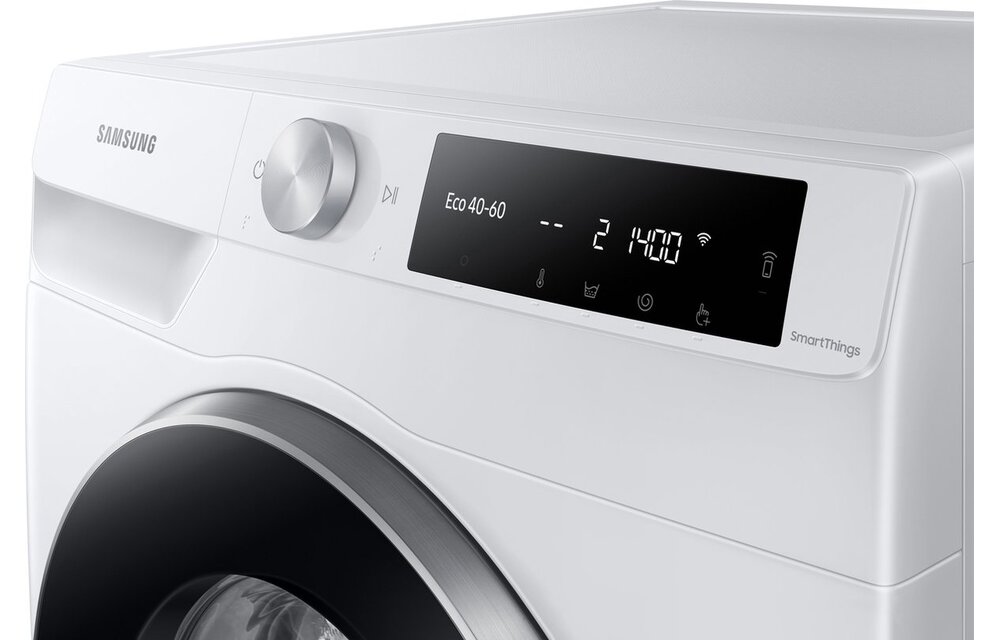 Samsung WW90T634ALECS2 - Wasmachine
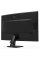 27" Монитор GIGABYTE GS27FC черный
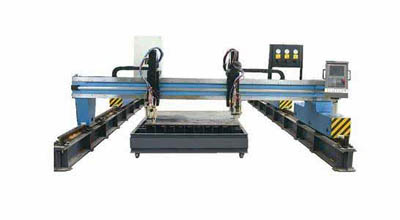 如何判断一台武汉数控切割机是否高档(图2) 武汉数控切割机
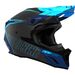 Altitude 2.0 Carbon Fiber 3K Kelkkakypärä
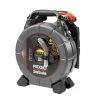 RIDGID Tools Ridgid SeeSnake 100' MicroReel APX W/ TruSense 70808
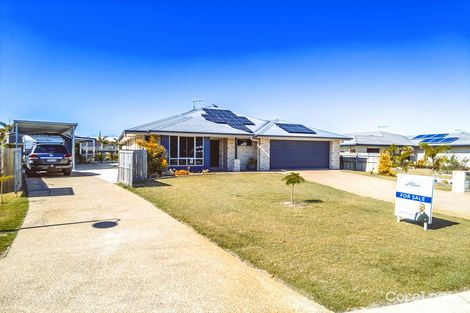 Property photo of 7 Beachside Court Toogoom QLD 4655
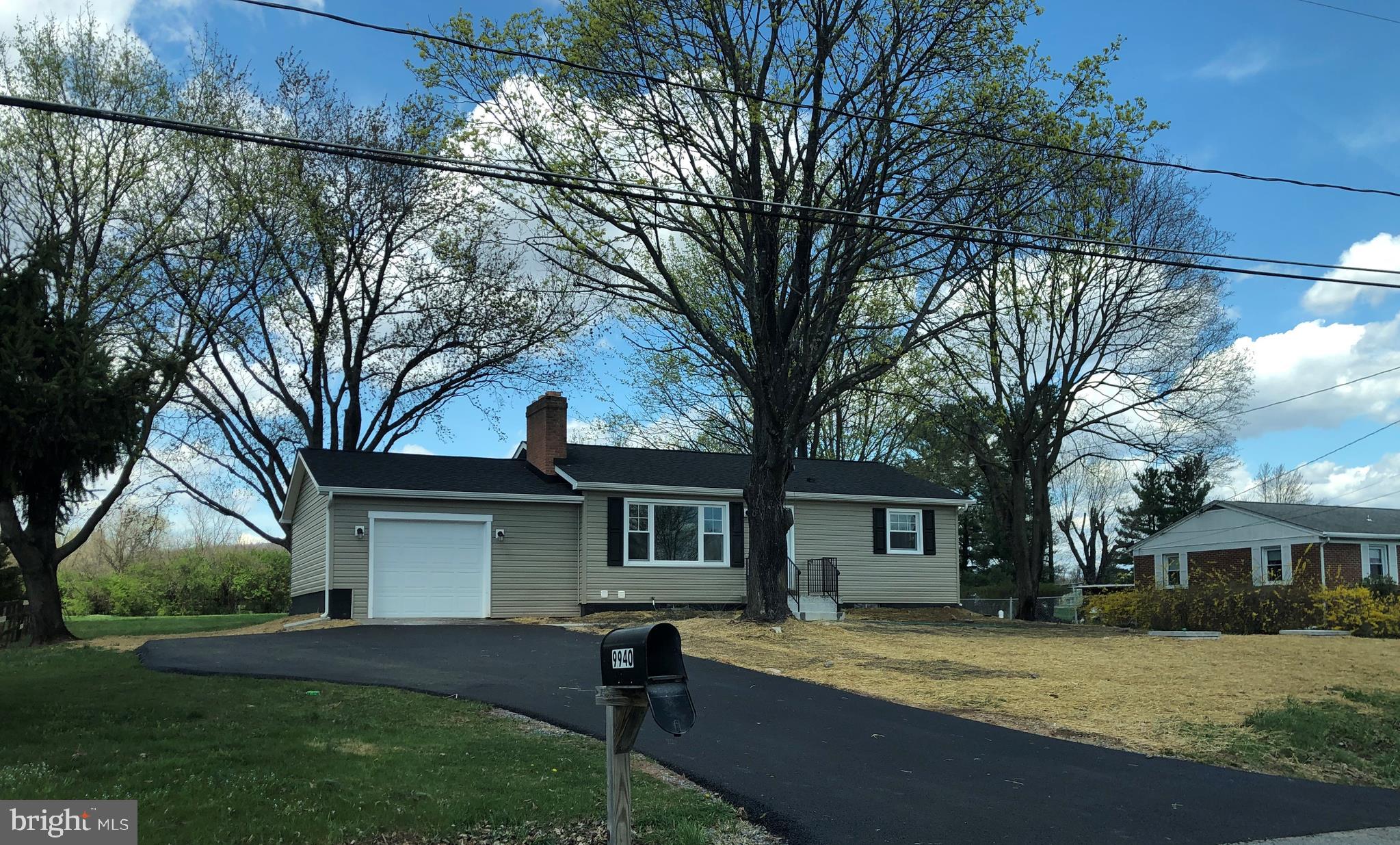 9940 Bethel Road Frederick, MD 21702 - Photo 1 of 61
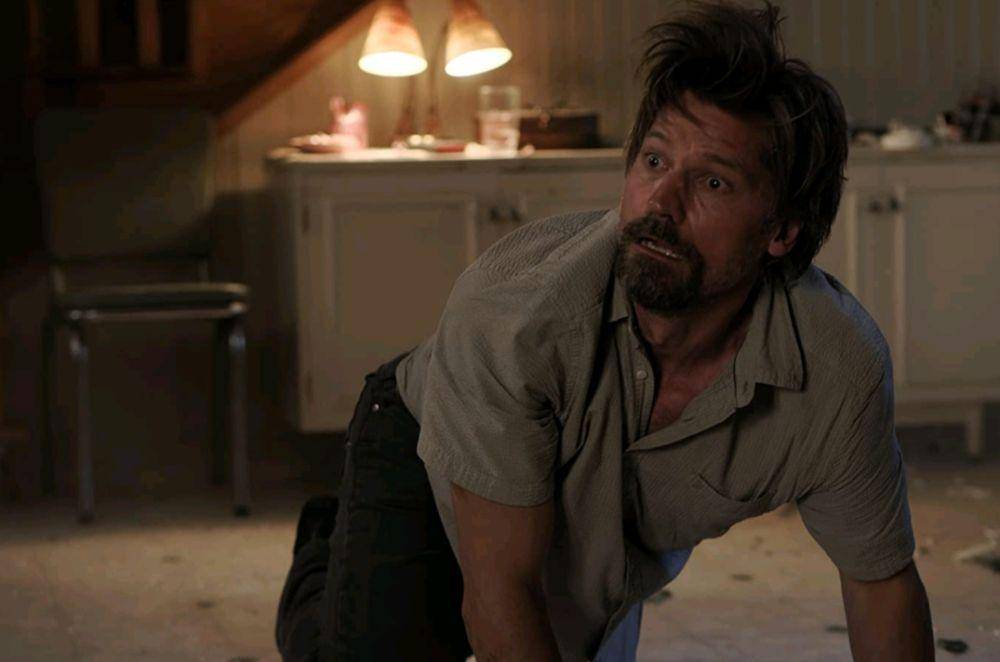 Small Crimes (dok. Netflix/Small Crimes)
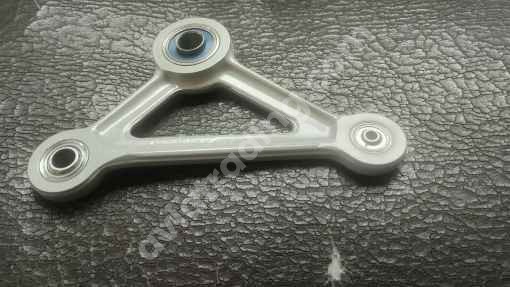 Lever Bellcrank MBB Bo 105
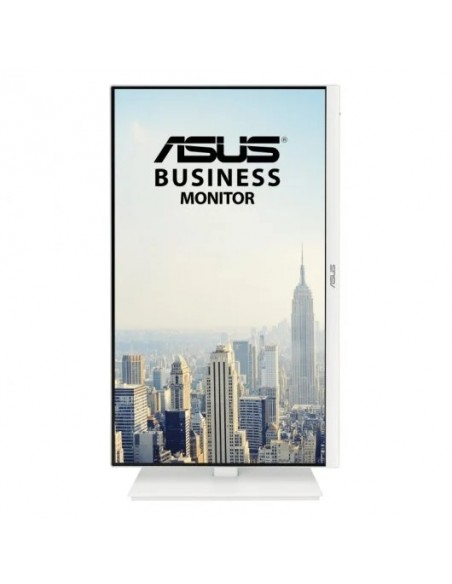 Asus VA24EQSB-W 23.8" LED IPS FullHD Regulable en altura Blanco Monitor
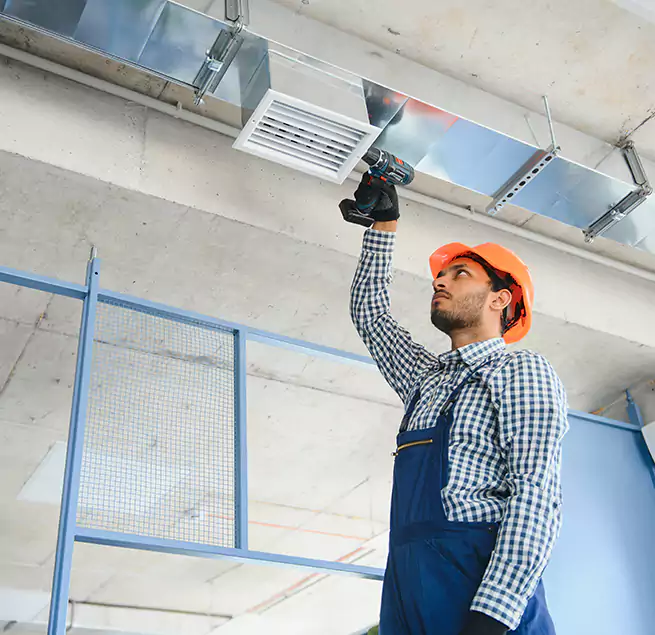 Why Homeowners & Businesses Trust Us in Henderson, KY?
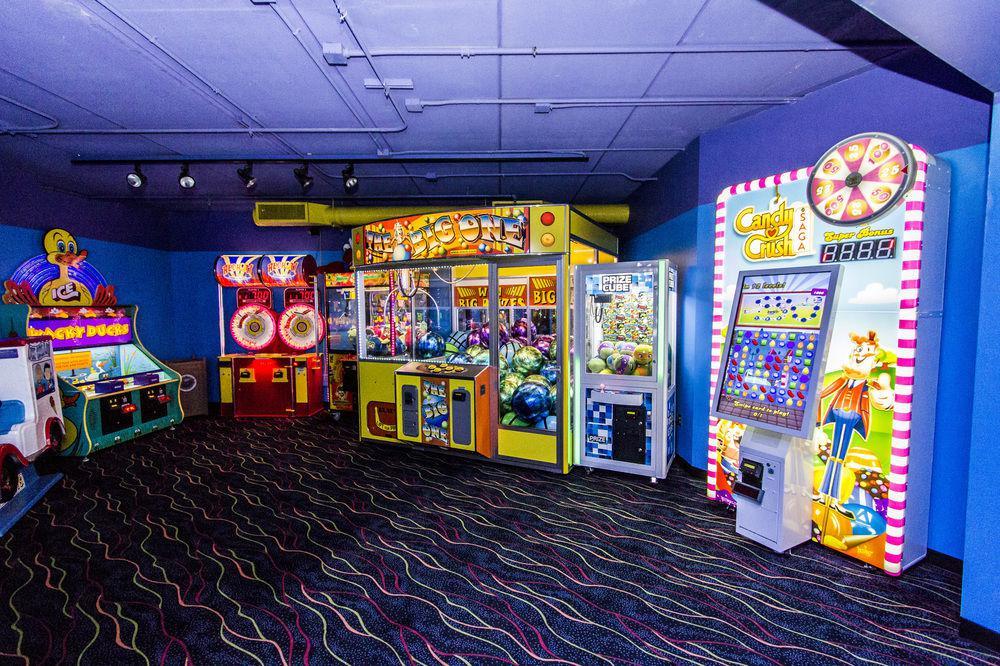 Castaway Bay By Cedar Point Resorts Sandusky Exterior foto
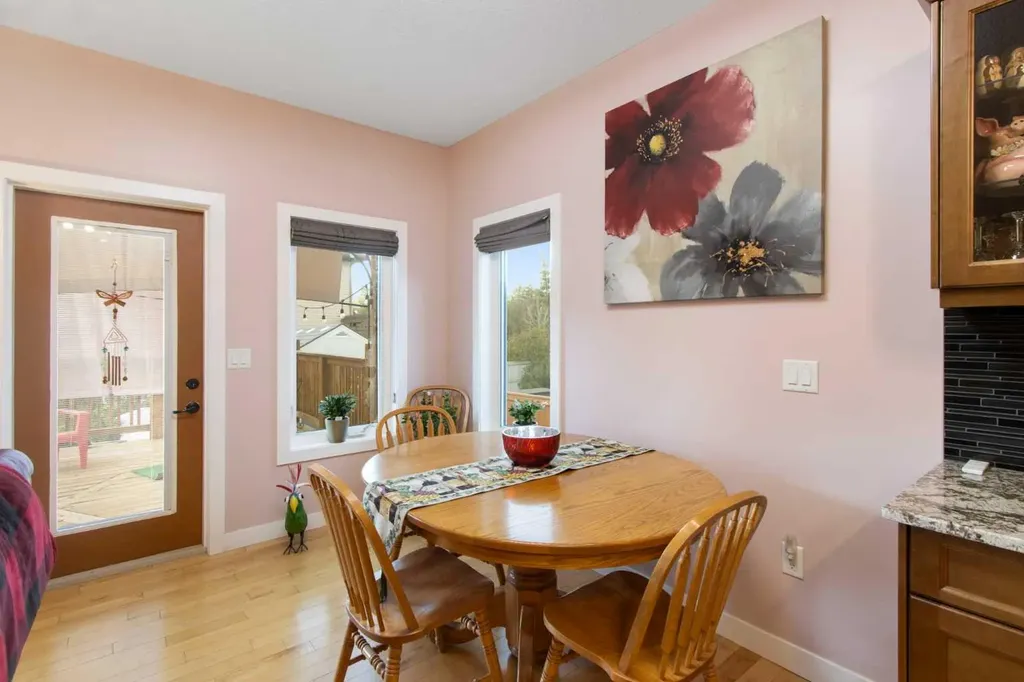 500 Harrison Court Crossfield AB T0M 0S0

· · · ·

▶ How to complete this task: Leave out the pictures, then repeat the listing above exactly from its first line to the line with "Property photo of", inclusive.

▶ Answer for the task:
 Samsung WW90T634ALECS2 - Wasmachine
 27" Монитор GIGABYTE GS27FC черный
 如何判断一台武汉数控切割机是否高档(图2) 武汉数控切割机
 Altitude 2.0 Carbon Fiber 3K Kelkkakypärä
 RIDGID Tools Ridgid SeeSnake 100' MicroReel APX W/ TruSense 70808
 Property photo of 7 Beachside Court Toogoom QLD 4655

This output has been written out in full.